The literature-derived data suggest that there is substantial variability in AT and its metabolite PK observed in the population. It is also the case for the electrophysiological effect of AT, especially in the situation of drug poisoning. We aimed to predict the variability in PK/PD of AT with the use of modeling and simulation paradigm in terms of both, population analysis, and individual cases.

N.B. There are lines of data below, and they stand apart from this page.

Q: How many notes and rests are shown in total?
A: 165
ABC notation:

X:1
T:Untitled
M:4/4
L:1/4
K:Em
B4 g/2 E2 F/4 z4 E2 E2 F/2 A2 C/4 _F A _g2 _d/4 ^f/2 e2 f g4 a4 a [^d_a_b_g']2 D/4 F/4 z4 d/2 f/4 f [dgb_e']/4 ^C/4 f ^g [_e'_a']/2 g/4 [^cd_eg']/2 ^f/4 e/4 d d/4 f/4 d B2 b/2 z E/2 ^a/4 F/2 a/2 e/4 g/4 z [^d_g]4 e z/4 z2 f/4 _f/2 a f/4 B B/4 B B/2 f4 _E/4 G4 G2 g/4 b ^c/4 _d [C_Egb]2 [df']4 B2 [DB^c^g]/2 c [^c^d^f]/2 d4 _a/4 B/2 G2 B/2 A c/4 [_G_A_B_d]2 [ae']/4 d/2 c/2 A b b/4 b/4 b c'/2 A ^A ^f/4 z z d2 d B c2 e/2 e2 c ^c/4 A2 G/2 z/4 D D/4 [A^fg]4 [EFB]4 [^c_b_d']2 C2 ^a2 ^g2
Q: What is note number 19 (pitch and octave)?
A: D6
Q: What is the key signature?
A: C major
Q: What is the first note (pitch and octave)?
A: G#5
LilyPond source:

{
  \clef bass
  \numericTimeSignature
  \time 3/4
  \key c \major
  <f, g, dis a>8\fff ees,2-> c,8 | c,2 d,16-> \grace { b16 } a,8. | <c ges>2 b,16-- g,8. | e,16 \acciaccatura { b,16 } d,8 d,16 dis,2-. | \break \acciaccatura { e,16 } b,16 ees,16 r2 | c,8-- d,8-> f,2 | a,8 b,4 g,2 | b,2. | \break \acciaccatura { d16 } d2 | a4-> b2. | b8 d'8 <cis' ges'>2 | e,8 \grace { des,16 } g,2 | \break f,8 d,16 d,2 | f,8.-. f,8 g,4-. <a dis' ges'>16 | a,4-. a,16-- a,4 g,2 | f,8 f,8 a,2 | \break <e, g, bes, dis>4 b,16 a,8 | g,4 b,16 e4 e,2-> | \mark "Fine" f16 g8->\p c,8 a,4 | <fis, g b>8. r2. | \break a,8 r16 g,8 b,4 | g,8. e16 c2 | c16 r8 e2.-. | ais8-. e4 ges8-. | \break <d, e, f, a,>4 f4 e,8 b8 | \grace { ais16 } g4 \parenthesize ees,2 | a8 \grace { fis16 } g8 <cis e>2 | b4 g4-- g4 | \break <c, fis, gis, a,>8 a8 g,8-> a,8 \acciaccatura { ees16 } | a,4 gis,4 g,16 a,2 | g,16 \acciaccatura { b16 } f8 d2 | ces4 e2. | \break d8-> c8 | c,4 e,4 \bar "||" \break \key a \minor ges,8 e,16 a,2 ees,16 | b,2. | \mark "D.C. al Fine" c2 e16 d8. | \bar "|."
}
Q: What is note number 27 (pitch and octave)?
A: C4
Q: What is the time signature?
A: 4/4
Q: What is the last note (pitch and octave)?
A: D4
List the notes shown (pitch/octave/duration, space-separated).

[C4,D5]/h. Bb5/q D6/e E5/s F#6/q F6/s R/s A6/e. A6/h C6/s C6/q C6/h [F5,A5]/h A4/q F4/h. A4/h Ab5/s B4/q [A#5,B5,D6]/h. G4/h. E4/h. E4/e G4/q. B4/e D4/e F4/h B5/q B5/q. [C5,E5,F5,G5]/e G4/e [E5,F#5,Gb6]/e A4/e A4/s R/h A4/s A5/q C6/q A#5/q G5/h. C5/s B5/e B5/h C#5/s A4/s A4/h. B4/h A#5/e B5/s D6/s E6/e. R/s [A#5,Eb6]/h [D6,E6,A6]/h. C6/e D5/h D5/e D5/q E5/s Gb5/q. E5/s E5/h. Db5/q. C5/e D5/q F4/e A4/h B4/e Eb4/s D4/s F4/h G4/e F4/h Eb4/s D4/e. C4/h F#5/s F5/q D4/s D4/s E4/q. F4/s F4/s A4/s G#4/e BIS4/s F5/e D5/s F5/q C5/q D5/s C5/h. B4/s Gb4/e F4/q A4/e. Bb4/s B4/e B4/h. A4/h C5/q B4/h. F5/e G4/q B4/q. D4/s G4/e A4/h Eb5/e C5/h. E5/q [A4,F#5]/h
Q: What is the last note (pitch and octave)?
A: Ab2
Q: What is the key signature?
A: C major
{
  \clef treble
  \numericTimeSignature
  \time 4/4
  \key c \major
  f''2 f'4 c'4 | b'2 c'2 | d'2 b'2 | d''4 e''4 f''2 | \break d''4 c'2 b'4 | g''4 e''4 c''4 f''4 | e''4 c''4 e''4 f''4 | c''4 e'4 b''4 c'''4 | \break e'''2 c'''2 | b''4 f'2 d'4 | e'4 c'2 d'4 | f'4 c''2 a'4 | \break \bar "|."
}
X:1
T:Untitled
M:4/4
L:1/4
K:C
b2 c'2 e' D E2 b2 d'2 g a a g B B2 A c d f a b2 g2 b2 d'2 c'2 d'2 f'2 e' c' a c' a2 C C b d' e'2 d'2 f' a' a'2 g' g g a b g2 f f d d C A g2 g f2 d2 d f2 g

Modeling the absorption of AT

The basis of the developed system consisted of the recently developed PBPK model for AT and NT established for AT administered intravenously [14]. To keep the model as mechanistic as possible, any of the already established parameters was changed, and the model was extrapolated to the oral route of drug administration. Intestinal absorption is a complex process affected by many drug- and physiology-related factors [70, 71]. The systemically available fraction of an administered dose is the result of the processes occurring in the guts (e.g., metabolism, influx, efflux) and the fraction escaping hepatic first-pass extraction [72]. Mechanistic modeling of gastrointestinal absorption and bioavailability usually requires further segmentation of gastrointestinal track compartment along with its rich parametrization [70, 71, 73, 74]. Our model was developed based on the heterogeneous data derived from various sources, lacking precise information on AT formulation. AT absorption was characterized empirically, assuming first order absorption process. The average values and their distributions of (fa × FG) and F for AT were based on observations in humans [15, 16]. (fa× Fg) was drawn from log-normal distribution of mean 0.832 and coefficient of variation 0.131 [16] without truncation, so the randomly assigned values can reach values larger than 1. It is justified by the enterohepatic circulation that AT is said to undergo [75, 76]. The estimated ka equal 0.24 [h−1] and mean tlag equal 1.33 [h] (assuming CV = 30%) suggest the AT absorption process to be rather slow and delayed in relation to the time of drug ingestion. Although this empirical approach does not give an insight into the physiological aspects of AT absorption, it reflects the net underlying contribution of solubility and dissolution processes, that drug molecules undergo, time of gastric emptying and intestinal transit [72, 77]. Since the parameters were fitted to three trials characterized by different AT doses and different populations, it seemed justified to extrapolate the estimates in further simulations, for the remaining studies.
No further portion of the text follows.